We've really lost something when you no longer find Spectakelmakere as a last name.
posted by mittens at 4:14 PM on March 4 [3 favorites]


Spectakelman indeed! What a fine name.
posted by doctornemo at 4:35 PM on March 4


Spectakelman, Spectakelman
Does whatever a Spektakel can

-Early TMBG lyric
posted by hippybear at 4:52 PM on March 4 [7 favorites]


There's a Brexit joke to be made here, but I can't quite see it.
posted by clawsoon at 5:09 PM on March 4 [3 favorites]


I feel like anyone who complains that people shouldn't wear glasses in shows that take place in historical periods can kind of bug off for anything starting in the 1400's and on.
posted by jenfullmoon at 6:18 PM on March 4 [12 favorites]


Occuexit.
posted by clavdivs at 6:33 PM on March 4


so, by late 1400s, a high end commerical pair could set one back 18 shilling roughly £561.96 in 2017. " time when a middle-class stonemason was earning about 17 shillings per day.*  Spectacles were becoming attainable by the middle class."
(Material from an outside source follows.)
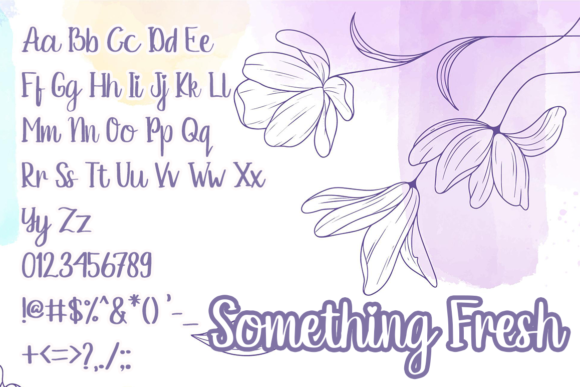 Something Fresh Font Poster 2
Nearly £150k/year in 2017 money? That's a bloody rich stonemason...
posted by Dysk at 6:57 PM on March 4 [2 favorites]


I'm too tired to check the 17 shillings figure (or the conversion to modern figures, both of which seem a little suspect), but construction was seasonal then as it is now--more so, actually. Demand would have been fairly uneven. I wouldn't be stunned if the average English mason were actually in work only a hundred or so days a year (but that's me guessing randomly, rather than a statement of fact). Also, the mason would've had to maintain his own tools and pay for his own travel if he were going to a big project. If he was operating as a "general contractor" equivalent for a project, of course those costs, too.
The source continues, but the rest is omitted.